(Records from a collection)
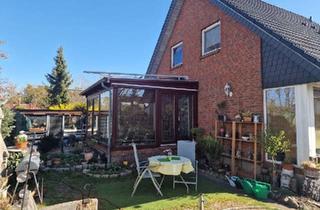 Einfamilienhaus kaufen in 12621 Berlin, Berlin - Einfamilienhaus + Keller mit schönen Garten und Pool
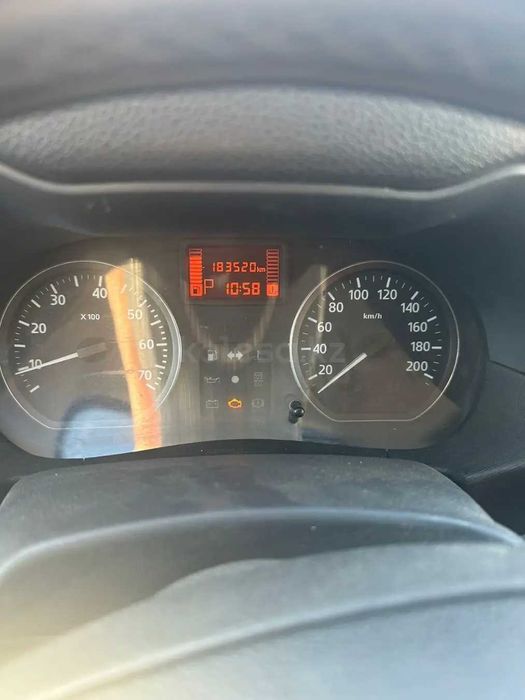 Продам Nissan Terrano 2015 г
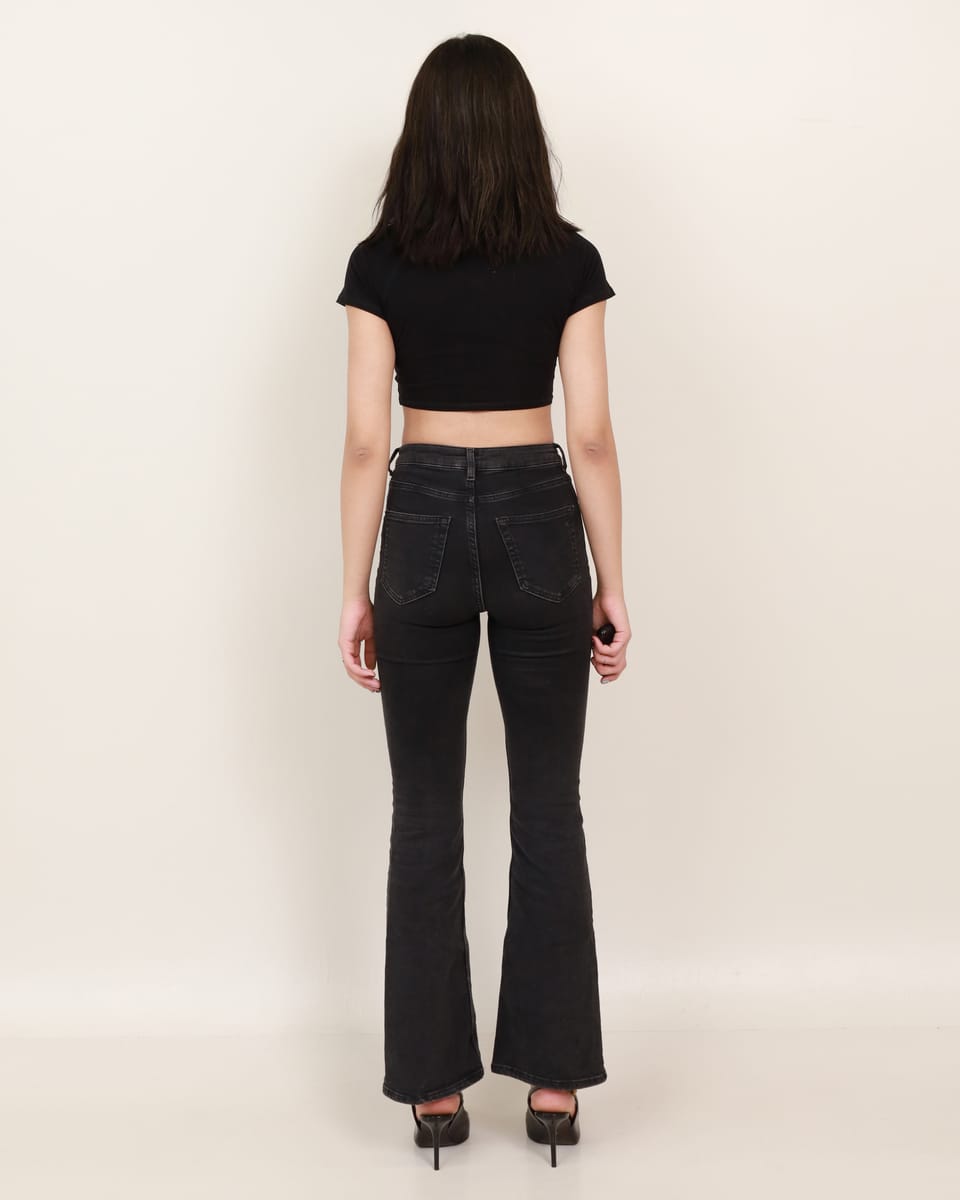 Full-length back digital thumbnail of Asal Dabbaghchian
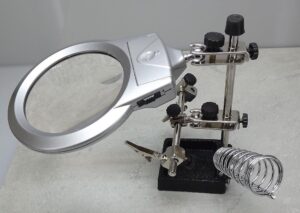 Illuminated Helping Hand Magnifier – 3 1/2″ 2X Lens With 6X Inset, Twin LEDs, Alligator Clips, Cast Iron Base – Third Hand for Soldering and Jewelry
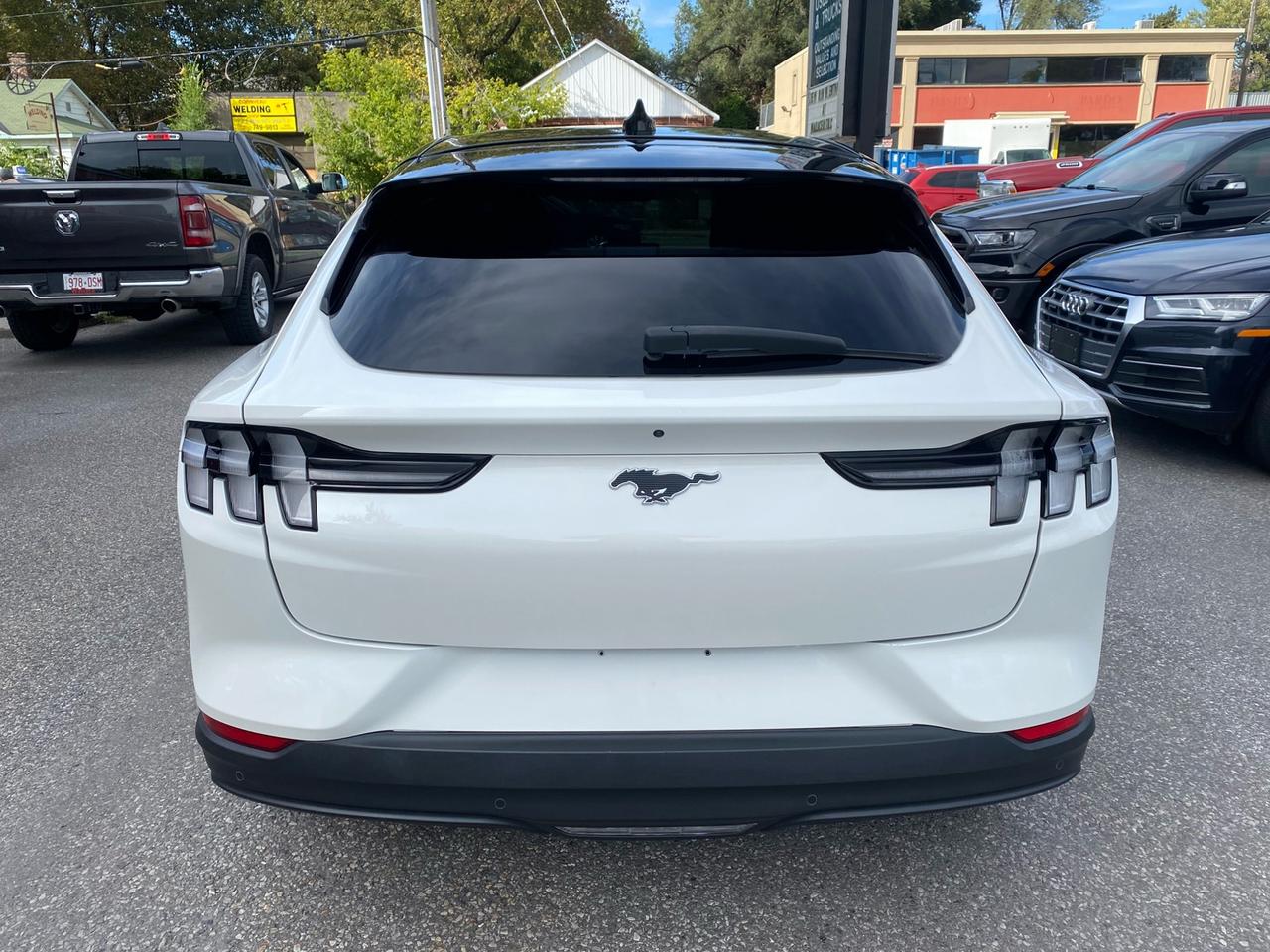 2021 Ford Mustang Mach-E Select AWD | Heated Leather Seats | Apple CarPlay Photo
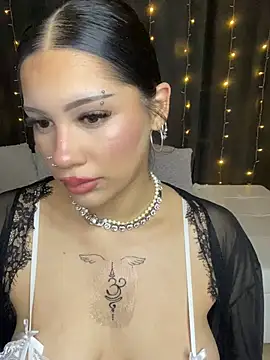 Snapshot of LoraShines chatting on 05-21-26, 05:21 LoraShines online show from 05-21-26, 05:21
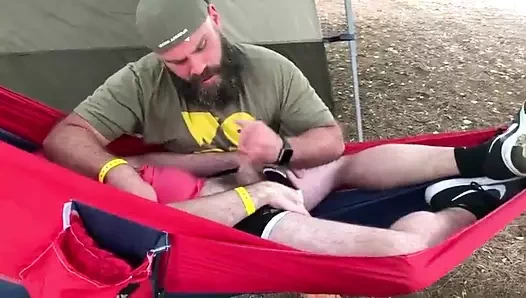 Bir adamı hamakta emmek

§ WORK ORDER
From the line that holds "Full-length back digital" to the last line of the records, please copy each line exactly and nothing else. Pictures stay out.

§ ANSWER
 Full-length back digital thumbnail of Asal Dabbaghchian
 Illuminated Helping Hand Magnifier – 3 1/2″ 2X Lens With 6X Inset, Twin LEDs, Alligator Clips, Cast Iron Base – Third Hand for Soldering and Jewelry
 2021 Ford Mustang Mach-E Select AWD | Heated Leather Seats | Apple CarPlay Photo
 Snapshot of LoraShines chatting on 05-21-26, 05:21 LoraShines online show from 05-21-26, 05:21
 Bir adamı hamakta emmek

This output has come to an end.